Ancak, Kılıçdaroğlu’nun genel başkan olarak görev yaptığı süre içerisinde parti örgütleriyle araya koyduğu mesafe, üzerinde konuşulması gereken çok önemli bir detay.
Şartlar öyle getirdi diye düşünenler de olabilir. Örneğin; Kemal Kılıçdaroğlu, partililere, zaten CHP’ye oy verenlere değil, oyları yükseltebilmek adına, CHP’ye açık mesafe koyan kitlelere ulaşabilmek için o yöntemi seçmişti diye düşünülebilir (ki zaten öyle oldu). Sonuçta o sinerji yakalanamadı.

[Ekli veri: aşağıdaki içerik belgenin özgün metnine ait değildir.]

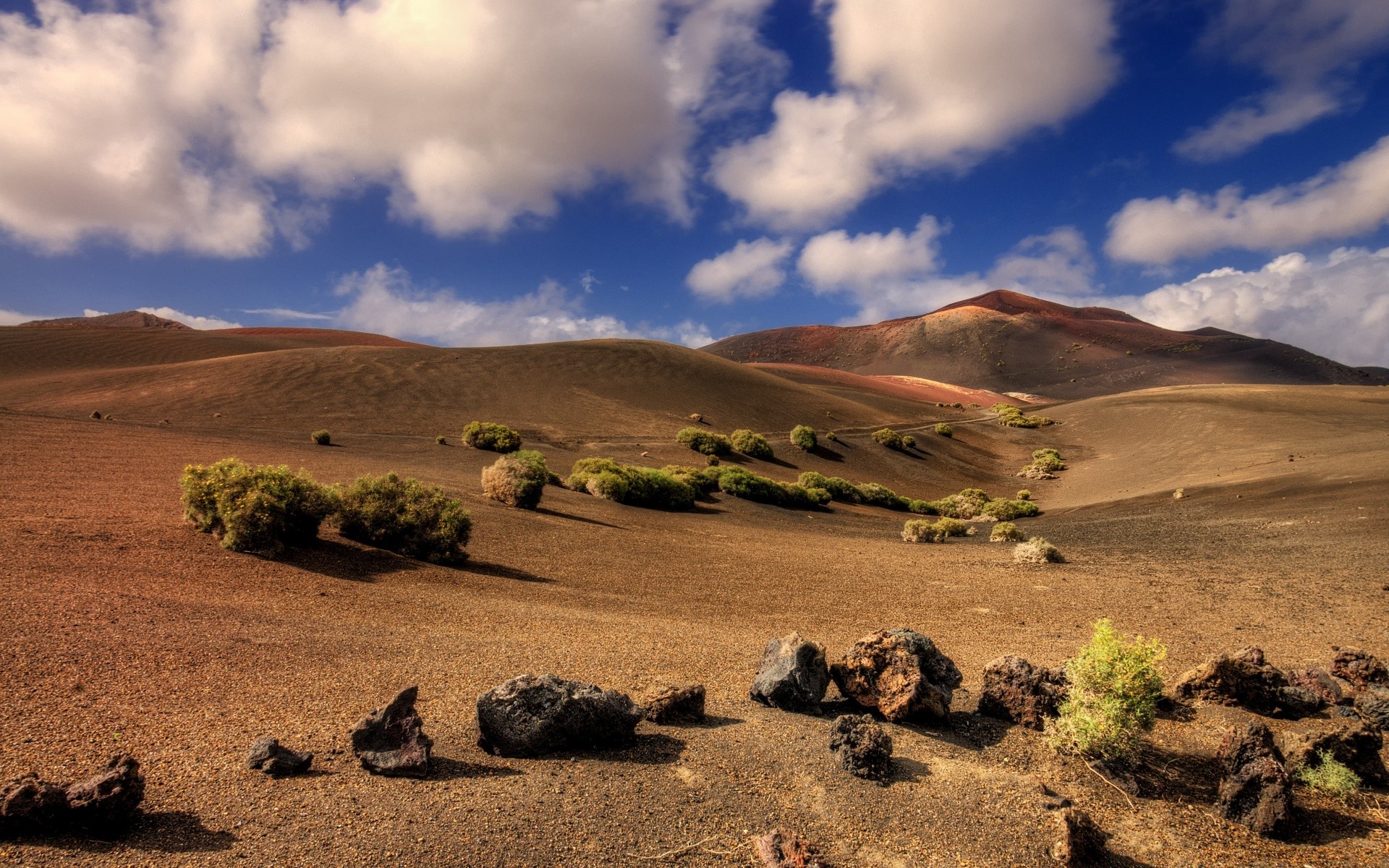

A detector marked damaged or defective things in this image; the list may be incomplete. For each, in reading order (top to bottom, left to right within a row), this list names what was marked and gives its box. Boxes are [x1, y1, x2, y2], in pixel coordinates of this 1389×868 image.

scorched barren slope [706, 292, 1389, 399]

İl ve ilçe başkanlıklarına “uğramamayı” alışkanlık edilmiş bir genel başkan yaklaşımının, sinerjiyi olumsuz etkilediği çok açık… Partililerin değil, özellikle partili olmayanların katılımıyla toplantılar düzenlenmesi için harcanan emekle alınan sonuç arasında paralellik olmadığı da çok net görüldü.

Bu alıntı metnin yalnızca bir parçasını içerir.